> _What needs to be done_: Take the lines below between the one holding "克罗地亚惨败无缘欧国联四强" and the one holding "Thumbnail: 2020 Honda Pilot - 26", inclusive, and copy them exactly. Add nothing.

Short text fragments from websites
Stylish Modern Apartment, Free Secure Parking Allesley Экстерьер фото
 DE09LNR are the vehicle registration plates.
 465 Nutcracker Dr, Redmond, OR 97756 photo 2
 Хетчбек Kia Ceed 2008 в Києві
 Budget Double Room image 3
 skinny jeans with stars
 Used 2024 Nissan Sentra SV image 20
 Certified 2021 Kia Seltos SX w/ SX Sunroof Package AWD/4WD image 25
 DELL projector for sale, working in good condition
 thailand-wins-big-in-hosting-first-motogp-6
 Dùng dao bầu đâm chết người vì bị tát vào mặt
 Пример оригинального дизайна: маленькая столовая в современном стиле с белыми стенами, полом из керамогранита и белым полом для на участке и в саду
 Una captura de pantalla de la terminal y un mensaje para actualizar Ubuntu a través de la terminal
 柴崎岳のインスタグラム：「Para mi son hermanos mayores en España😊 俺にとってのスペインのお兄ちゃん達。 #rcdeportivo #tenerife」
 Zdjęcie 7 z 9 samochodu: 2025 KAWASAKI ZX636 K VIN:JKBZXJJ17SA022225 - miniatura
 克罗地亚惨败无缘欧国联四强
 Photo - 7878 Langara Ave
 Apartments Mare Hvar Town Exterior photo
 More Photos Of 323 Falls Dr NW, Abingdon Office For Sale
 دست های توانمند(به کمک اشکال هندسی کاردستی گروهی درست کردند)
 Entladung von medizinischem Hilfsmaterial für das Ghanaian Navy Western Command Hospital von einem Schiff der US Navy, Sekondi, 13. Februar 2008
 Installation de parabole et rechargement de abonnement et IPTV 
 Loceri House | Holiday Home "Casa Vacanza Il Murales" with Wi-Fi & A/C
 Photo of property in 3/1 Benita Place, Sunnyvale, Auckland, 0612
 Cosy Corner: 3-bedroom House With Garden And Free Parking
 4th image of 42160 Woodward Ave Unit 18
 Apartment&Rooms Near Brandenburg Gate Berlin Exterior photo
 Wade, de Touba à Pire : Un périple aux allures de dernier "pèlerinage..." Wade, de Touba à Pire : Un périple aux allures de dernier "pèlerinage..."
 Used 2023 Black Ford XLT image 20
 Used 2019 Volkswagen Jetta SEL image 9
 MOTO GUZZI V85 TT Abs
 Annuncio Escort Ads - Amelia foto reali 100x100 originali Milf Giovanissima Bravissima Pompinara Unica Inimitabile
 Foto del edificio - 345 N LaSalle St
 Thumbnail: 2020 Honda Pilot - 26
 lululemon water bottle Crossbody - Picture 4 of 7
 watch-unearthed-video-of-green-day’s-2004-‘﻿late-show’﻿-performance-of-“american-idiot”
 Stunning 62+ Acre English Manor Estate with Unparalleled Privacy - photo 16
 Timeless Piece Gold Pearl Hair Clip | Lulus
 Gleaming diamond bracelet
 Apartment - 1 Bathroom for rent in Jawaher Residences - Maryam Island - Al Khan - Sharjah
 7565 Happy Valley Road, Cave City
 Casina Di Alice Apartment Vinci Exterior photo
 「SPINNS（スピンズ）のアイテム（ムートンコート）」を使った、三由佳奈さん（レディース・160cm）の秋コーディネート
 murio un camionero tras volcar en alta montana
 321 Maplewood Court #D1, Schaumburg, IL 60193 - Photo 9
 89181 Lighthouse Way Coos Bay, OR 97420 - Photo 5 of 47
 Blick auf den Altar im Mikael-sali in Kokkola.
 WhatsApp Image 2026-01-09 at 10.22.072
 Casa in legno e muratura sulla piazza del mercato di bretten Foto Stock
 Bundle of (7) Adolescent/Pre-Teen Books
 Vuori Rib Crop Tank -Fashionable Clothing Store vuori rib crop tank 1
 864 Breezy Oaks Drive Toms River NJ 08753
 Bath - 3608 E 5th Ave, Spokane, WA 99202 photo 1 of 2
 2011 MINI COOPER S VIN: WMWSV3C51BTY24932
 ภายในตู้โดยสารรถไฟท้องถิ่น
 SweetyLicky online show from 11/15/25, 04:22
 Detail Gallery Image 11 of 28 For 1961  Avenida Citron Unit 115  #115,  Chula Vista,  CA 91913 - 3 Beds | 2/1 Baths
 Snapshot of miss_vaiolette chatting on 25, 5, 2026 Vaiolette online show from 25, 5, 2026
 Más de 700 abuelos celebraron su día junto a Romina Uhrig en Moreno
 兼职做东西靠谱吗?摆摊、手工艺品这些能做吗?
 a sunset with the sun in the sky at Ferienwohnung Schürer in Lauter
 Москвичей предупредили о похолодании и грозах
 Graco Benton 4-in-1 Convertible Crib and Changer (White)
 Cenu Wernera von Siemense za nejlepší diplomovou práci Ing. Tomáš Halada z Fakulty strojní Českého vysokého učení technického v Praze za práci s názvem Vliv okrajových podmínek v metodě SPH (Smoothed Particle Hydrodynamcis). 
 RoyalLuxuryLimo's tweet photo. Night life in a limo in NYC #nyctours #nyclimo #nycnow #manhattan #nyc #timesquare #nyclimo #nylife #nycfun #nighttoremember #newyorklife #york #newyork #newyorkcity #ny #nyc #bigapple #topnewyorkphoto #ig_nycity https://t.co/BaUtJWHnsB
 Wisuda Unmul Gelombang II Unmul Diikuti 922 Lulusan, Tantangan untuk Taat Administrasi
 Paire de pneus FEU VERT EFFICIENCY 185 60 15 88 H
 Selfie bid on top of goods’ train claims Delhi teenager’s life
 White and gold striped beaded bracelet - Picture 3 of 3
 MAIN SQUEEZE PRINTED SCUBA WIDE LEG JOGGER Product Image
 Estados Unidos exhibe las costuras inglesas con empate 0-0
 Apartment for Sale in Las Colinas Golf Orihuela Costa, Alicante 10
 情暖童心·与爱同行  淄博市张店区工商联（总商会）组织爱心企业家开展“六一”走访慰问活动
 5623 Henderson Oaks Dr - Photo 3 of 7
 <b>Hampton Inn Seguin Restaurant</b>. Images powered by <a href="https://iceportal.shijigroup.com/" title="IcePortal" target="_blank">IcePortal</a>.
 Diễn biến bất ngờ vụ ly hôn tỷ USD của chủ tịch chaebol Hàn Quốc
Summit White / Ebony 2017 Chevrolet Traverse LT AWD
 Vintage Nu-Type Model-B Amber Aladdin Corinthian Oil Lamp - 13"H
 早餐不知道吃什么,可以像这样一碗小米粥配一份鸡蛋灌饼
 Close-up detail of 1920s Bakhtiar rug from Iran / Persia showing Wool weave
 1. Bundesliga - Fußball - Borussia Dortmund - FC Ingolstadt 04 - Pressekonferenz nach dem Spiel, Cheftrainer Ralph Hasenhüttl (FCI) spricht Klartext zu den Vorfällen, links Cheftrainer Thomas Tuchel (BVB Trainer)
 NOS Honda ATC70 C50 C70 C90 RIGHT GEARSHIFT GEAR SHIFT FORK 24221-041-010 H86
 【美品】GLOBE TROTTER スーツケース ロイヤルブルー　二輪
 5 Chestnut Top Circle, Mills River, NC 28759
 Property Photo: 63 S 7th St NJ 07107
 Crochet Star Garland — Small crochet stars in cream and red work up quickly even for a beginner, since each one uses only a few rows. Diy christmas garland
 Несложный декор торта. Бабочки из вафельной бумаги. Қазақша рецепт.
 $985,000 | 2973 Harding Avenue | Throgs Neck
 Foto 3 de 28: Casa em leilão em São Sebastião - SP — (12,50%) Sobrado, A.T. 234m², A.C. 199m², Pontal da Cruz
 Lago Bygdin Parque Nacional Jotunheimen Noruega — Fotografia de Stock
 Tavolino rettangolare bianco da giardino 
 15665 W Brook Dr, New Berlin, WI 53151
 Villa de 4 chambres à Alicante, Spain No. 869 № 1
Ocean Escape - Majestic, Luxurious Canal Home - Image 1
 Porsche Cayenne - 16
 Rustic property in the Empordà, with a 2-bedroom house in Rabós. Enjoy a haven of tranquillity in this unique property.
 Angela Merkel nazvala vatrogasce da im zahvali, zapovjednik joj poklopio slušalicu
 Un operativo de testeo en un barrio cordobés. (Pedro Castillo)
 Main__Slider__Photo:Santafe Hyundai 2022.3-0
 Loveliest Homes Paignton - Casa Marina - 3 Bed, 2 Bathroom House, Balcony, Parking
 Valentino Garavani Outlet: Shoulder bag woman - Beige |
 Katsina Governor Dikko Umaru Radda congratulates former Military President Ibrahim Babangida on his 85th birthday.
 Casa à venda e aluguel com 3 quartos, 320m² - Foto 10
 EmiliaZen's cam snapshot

> _Task answer_:
 克罗地亚惨败无缘欧国联四强
 Photo - 7878 Langara Ave
 Apartments Mare Hvar Town Exterior photo
 More Photos Of 323 Falls Dr NW, Abingdon Office For Sale
 دست های توانمند(به کمک اشکال هندسی کاردستی گروهی درست کردند)
 Entladung von medizinischem Hilfsmaterial für das Ghanaian Navy Western Command Hospital von einem Schiff der US Navy, Sekondi, 13. Februar 2008
 Installation de parabole et rechargement de abonnement et IPTV 
 Loceri House | Holiday Home "Casa Vacanza Il Murales" with Wi-Fi & A/C
 Photo of property in 3/1 Benita Place, Sunnyvale, Auckland, 0612
 Cosy Corner: 3-bedroom House With Garden And Free Parking
 4th image of 42160 Woodward Ave Unit 18
 Apartment&Rooms Near Brandenburg Gate Berlin Exterior photo
 Wade, de Touba à Pire : Un périple aux allures de dernier "pèlerinage..." Wade, de Touba à Pire : Un périple aux allures de dernier "pèlerinage..."
 Used 2023 Black Ford XLT image 20
 Used 2019 Volkswagen Jetta SEL image 9
 MOTO GUZZI V85 TT Abs
 Annuncio Escort Ads - Amelia foto reali 100x100 originali Milf Giovanissima Bravissima Pompinara Unica Inimitabile
 Foto del edificio - 345 N LaSalle St
 Thumbnail: 2020 Honda Pilot - 26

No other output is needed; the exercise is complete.